Part 4: Inspection for warranty and insurance
At its core, Cycle Inspect seeks to instill a sense of consumer confidence to the bicycle inspection discipline through standardised methods that bring consistency, quality, and objectivity. We do this with the intention to up-skill reputable bike shops; and mobile and sole trader mechanics so that all cyclists know exactly what they are riding or buying – and make appropriate decisions.
What happens, then, when new bikes don’t meet expectations?
In most cases, manufacturers offer limited warranties that extend to the first (original) owner only. Whilst the terminology differs from manufacturer to manufacturer, these warranties typically cover processing or material faults and manufacturing defects in materials or workmanship.
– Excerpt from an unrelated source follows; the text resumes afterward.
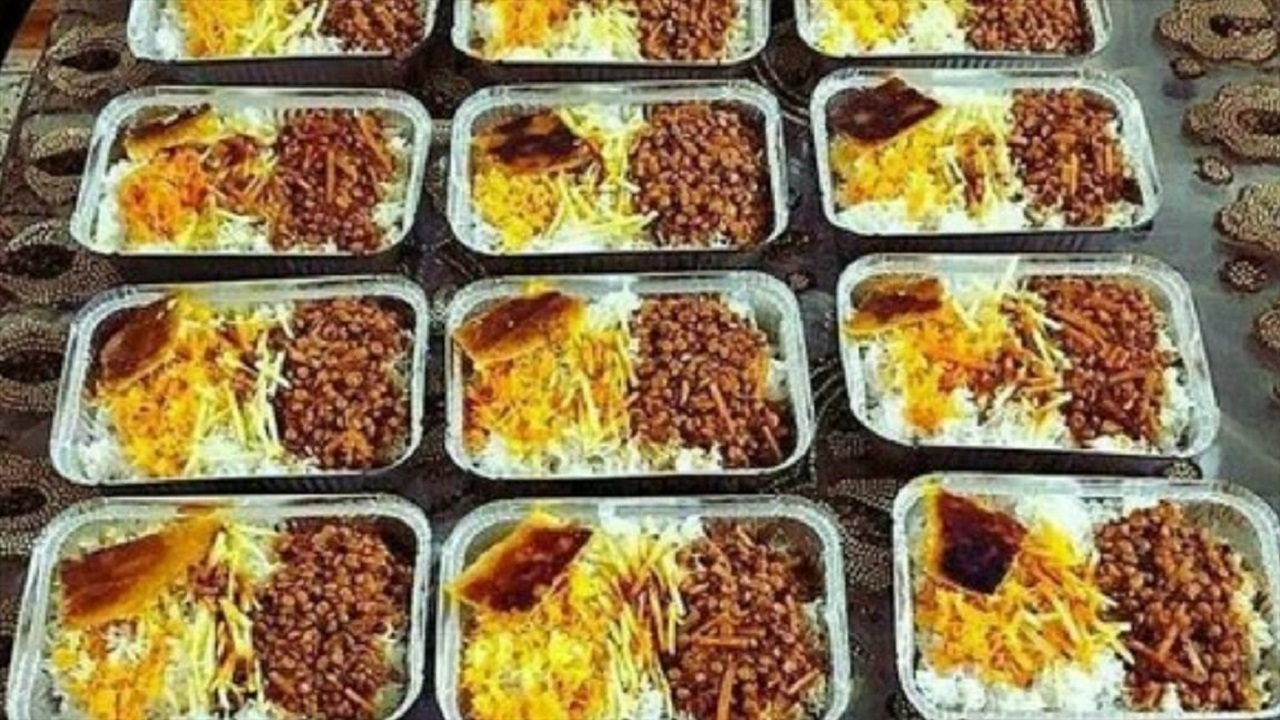 توزیع بیش از ۶ هزار پرس غذای گرم بین زائران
In other words, a fault which was already present at the time of purchase (also referred to as, worryingly, a ‘risk transfer’). The length of the warranty varies and, in some cases, does so by component and often need to be returned to an authorised dealer in a suitable condition to be considered for a replacement or repair. If a frame or fork has undergone an external repair the warranty is void.
The question is then, what poses a risk? Without access to a 'layup pattern' (shapes/directions of carbon sheet) it is a tough question to answer and as this is considered the most important part of a carbon bike’s design, it is not likely manufacturers are ready and willing to release this information for the public good. We at Cycle Inspect therefore take the view anything that the presence of any anomaly is something that, if identified, should be monitored.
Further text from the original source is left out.